I'd like to know in a simpler way what these types of attacks are.
And please, if you can go deeper into the subject, you could tell me a simple example of how to protect yourself from them. I am creating a website for a company and would like to understand them better and how to protect myself. Thanks
Occurs when someone uses hardware or software to register each key that the user has used. The attacker can then do an analysis of the texts to find usernames, passwords, bank account numbers etc.
How to defend yourself: use anti-virus to protect yourself from the software version, since it is malware. The hardware version is very rare - it's a device that sits on the USB port between the keyboard and the computer. This is easier to solve, just play the keylogger out if you find it.
It's all about testing passwords until they work out. Many systems nowadays have automatic protections against this type of attack. If you miss the password five times in a row on an iPhone with the most current iOS, for example, the phone deletes all files: D
This attack works best against systems that do not limit the maximum amount of password errors, and if the attacker has physical access to the machine.
How to defend yourself: Ensure minimal password complexity. Do not forgive anyone who misses the password more than a few times.
This is the oldest method of attack to get confidential information. This is to fill a user's gate until he says the passwords and other sensitive information.
How to defend yourself: train your users in martial arts and firearms handling.

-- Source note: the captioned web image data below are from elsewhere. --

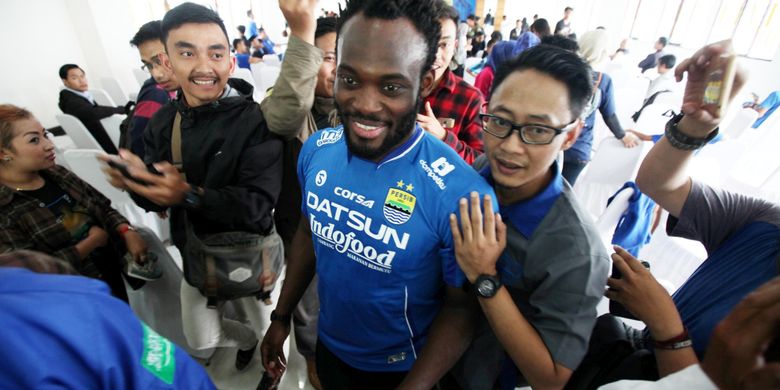 Mantan pemain klub Inggris Chelsea Michael Kojo Essien hadir bergabung di acara Peringatan ke 84 Tim Persib Bandung di Graha Persib, Bandung, Jawa Barat, Selasa (14/3/2017).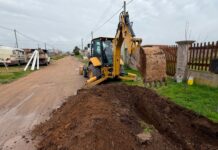 Se realizó la ampliación de las redes de agua y cloacas en calle 85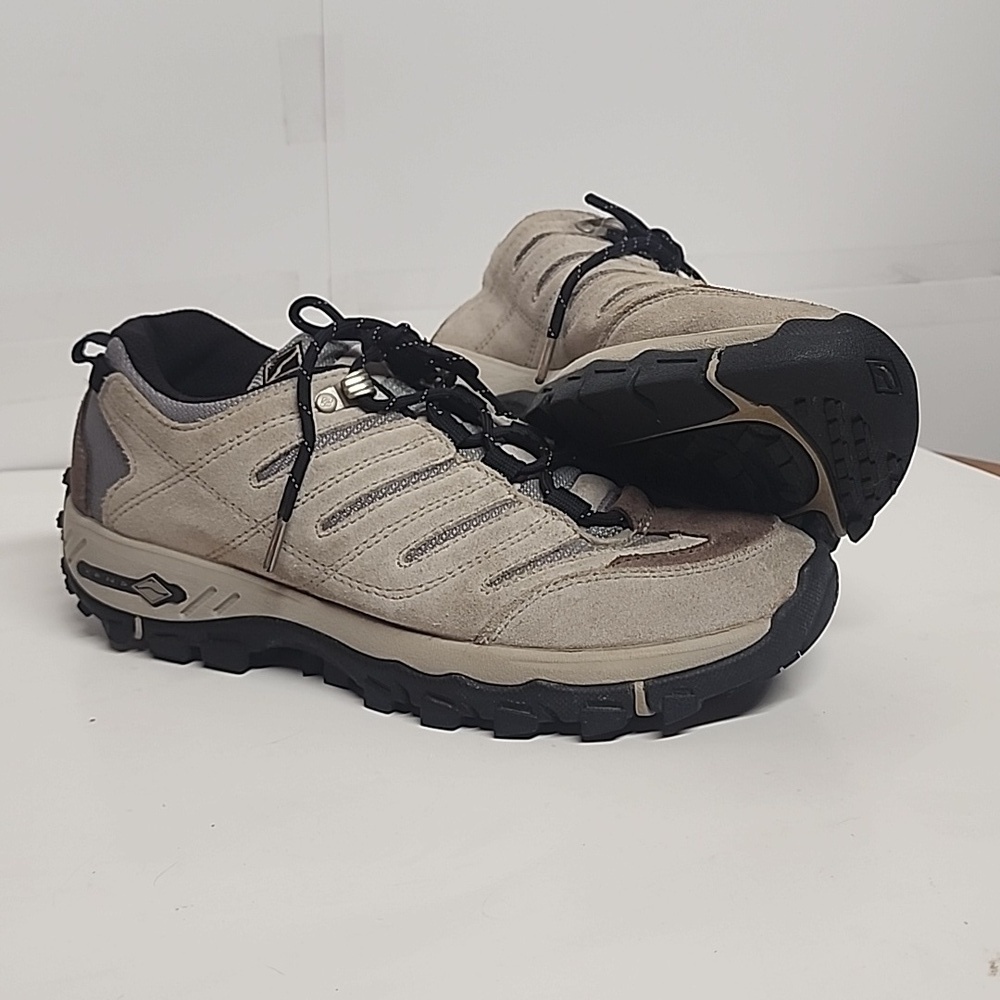 Vans Noguera sz 7M/8.5W unisex tan w/black laces hiking shoes.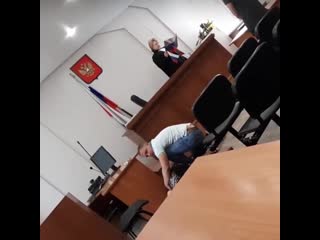video судья зачитывать приговор человеку который лежит без сознания после инсульта в зале суда sex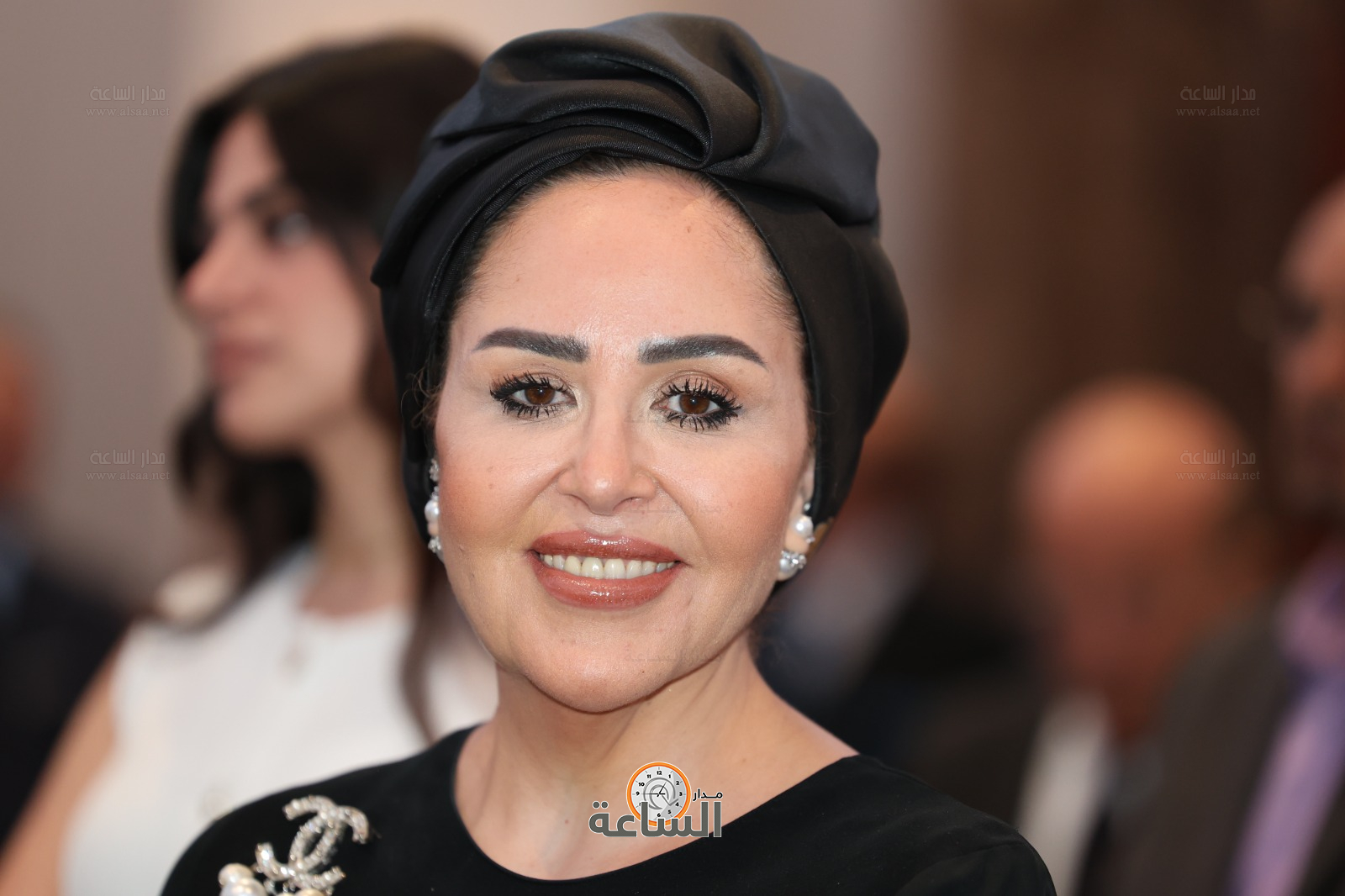 Madar Al-Saa Images 0.7324917641042432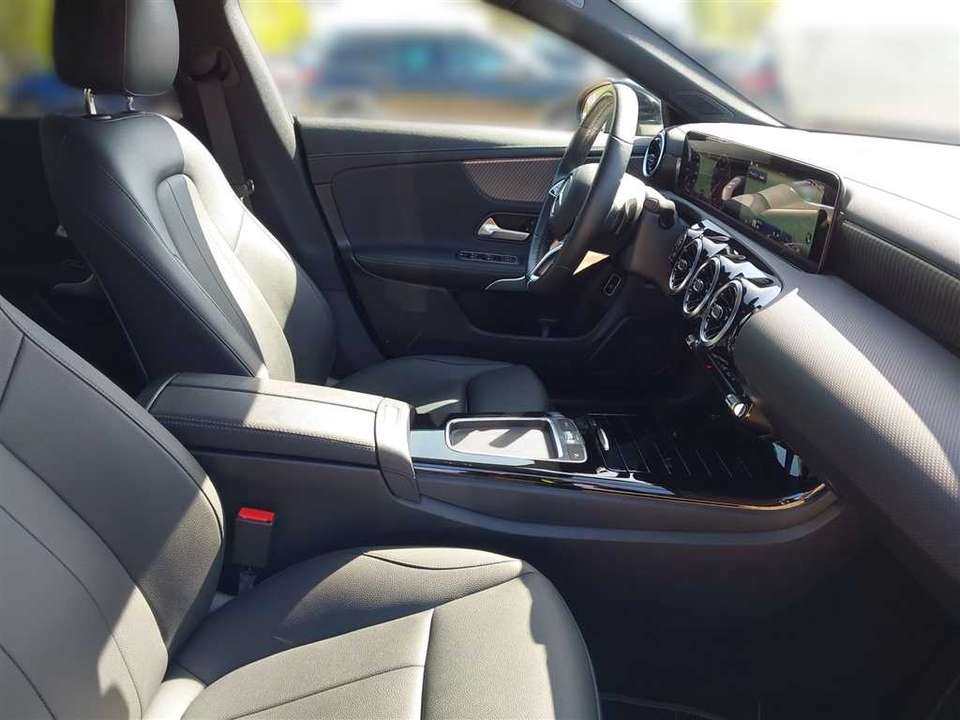 Mercedes-Benz CLA 180 - Imagem 15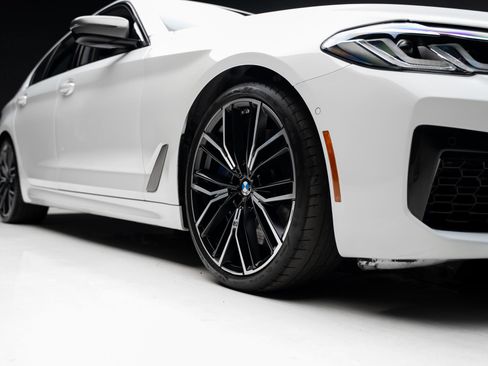 Used 2023 BMW M550i xDrive AWD/4WD image 80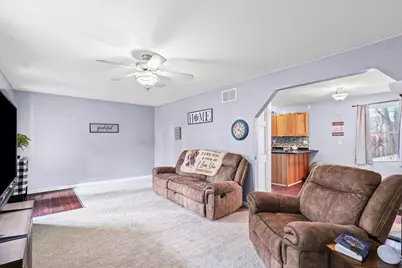 108 W Maple Street, Roberts, IL 60962 - Photo 7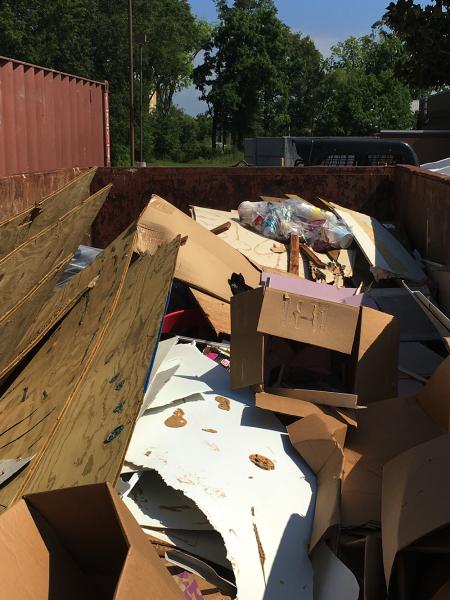 Dynamite Dumpsters LLC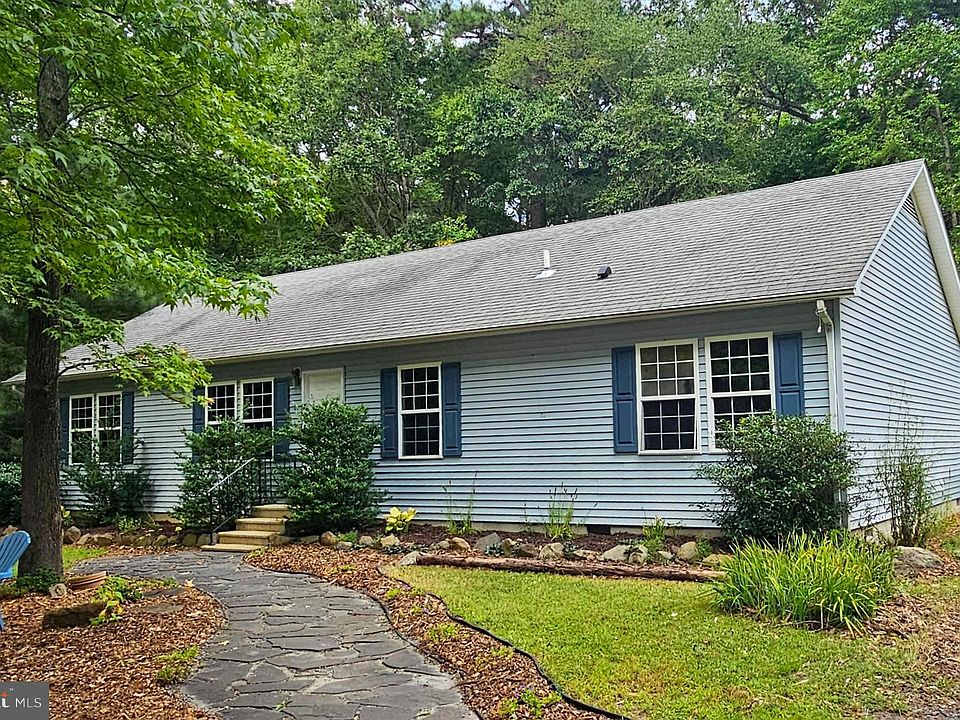 1st image of 20410 Chesapeake Dr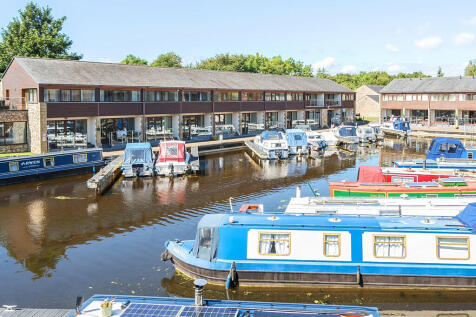Tewitfield Marina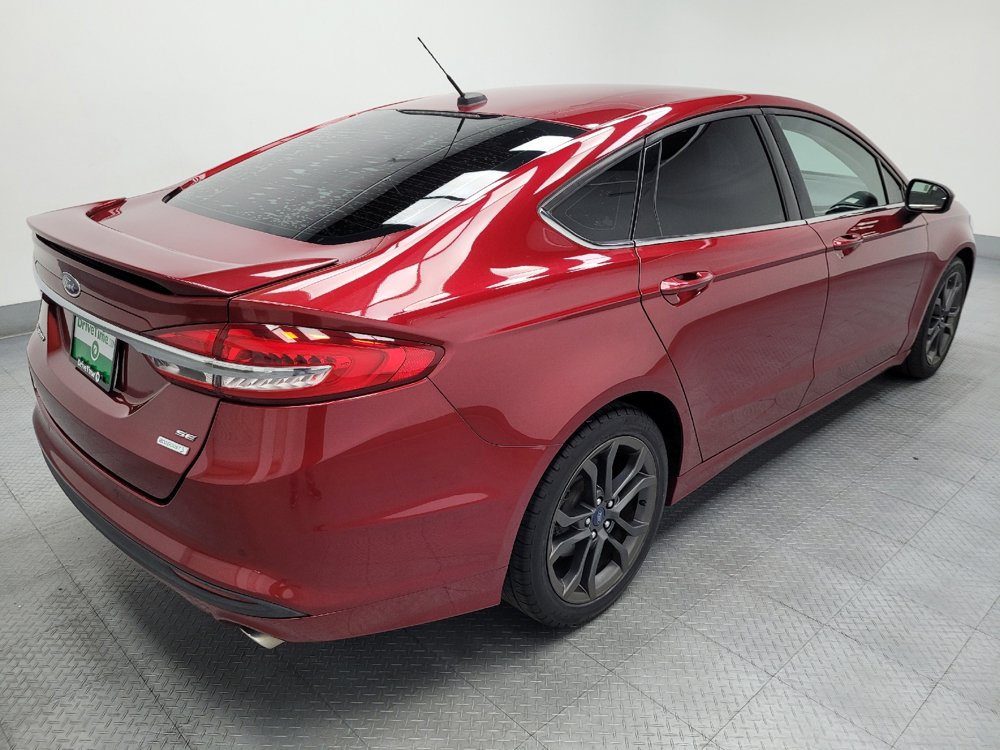 Used 2018 Ford Fusion SE w/ Equipment Group 201A FWD image 10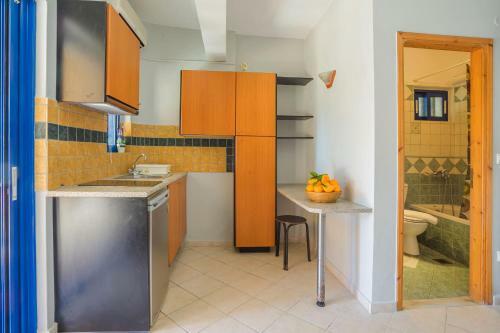 Hostal Orange Apartments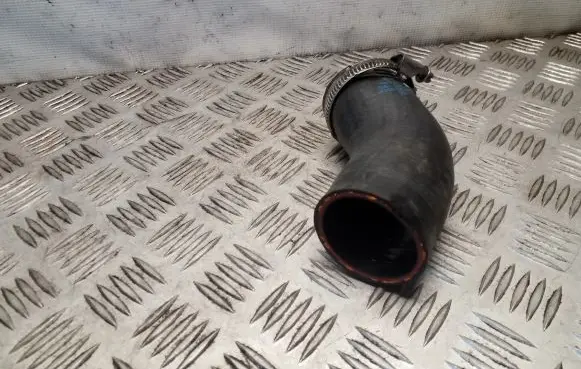Skoda Superb B8 (3V) Intercooler hose/pipe 04L145828G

False teeth with cyanide capsules are an option for team members who are physically weak.
This is about exploiting a general programming flaw committed by people who have discovered what SQL is all about recently. It occurs when a program passes to a SQL query a data entered by the user, without doing any treatment on this input .
How to defend yourself: Never leave your system in the hands of only a beginner. The development team needs to have at least one experienced professional to avoid not only this, but also other types of programming failures that may be caused by lack of experience.
Friend and simple A brute force attack is nothing more than a bot or a network of bots that attempt by the "trial and error" method to set their password. Getting access it captures your password and comes back later through an invasion, somehow through the front door of your site. How to protect yourself: Generate and frequently exchange strong passwords, which contain at least 8 characters, uppercase and lowercase letters, numbers and special characters (! @ # $% & * *), Not putting words that are known or easy to discover , even better if they are totally random. keep your computer (especially if you run the Windows operating system in any version) clean and away from viruses, with frequent checks with good antivirus (that free antivirus does not always solve). never, ever and under any circumstances save passwords on your computer or ask the browser / browser to save for future access.
keylogger: (or keylogger), although often understood as spyware, is a computer program whose purpose is to record everything that is typed on a keyboard, most of the time aiming to capture passwords, card numbers credit and other important information. It has a typical virus operation, as it is installed and acts without the user noticing its presence. How to protect yourself: Keeping an up-to-date antivirus is critical, even more so when we are almost all connected to the internet, downloading files, swapping music, videos and testing programs and games.
Sql Injection: is an attack consisting of the insertion (known as injection) of a query via web application. Locaweb always takes all precautions regarding updates to avoid any security breaches in the hosted sites. However, sometimes vulnerabilities emerge that are exploited through programming, nothing to advance the precautions we take. Such vulnerabilities are present in codes (ASP, PHP, etc.) placed by the clients themselves. This is the case of "SQL Injection", a loophole through which an attacker can execute arbitrary queries or statements on a relational basis via "injection" of commands into form fields. How to protect yourself: Using the addslashes () function has the same effect as enabling magic quotes, but only applies where convenient. What it does is to put an escaped character before the single or double quotes, before the backslash and the NULL character. Using 'prepared statements' instead of the SQL code itself assigning all other prevention measures to use this, would give us more performance and security, as well as being simpler to read and write. However it can only be used in SELECT, INSERT, UPDATE, REPLACE, DELETE and CREATE TABLE. $ login = $ _GET ['login'] $ query="SELECT * FROM records WHERE login = '$ login'"; Would be like this: $ query="SELECT * FROM records WHERE login = OR 1";
Cryptanalysis of rubber hose: In cryptography, rubber hose cryptanalysis is the extortion of cryptographic secrets (eg the password to an encrypted file) from a person by coercion or torture, [1] [2] by contrast with the attack of mathematical or technical cryptanalysis. Euphemism refers to striking someone with a rubber hose until it cooperates. How to protect yourself: Training users for any type of torture.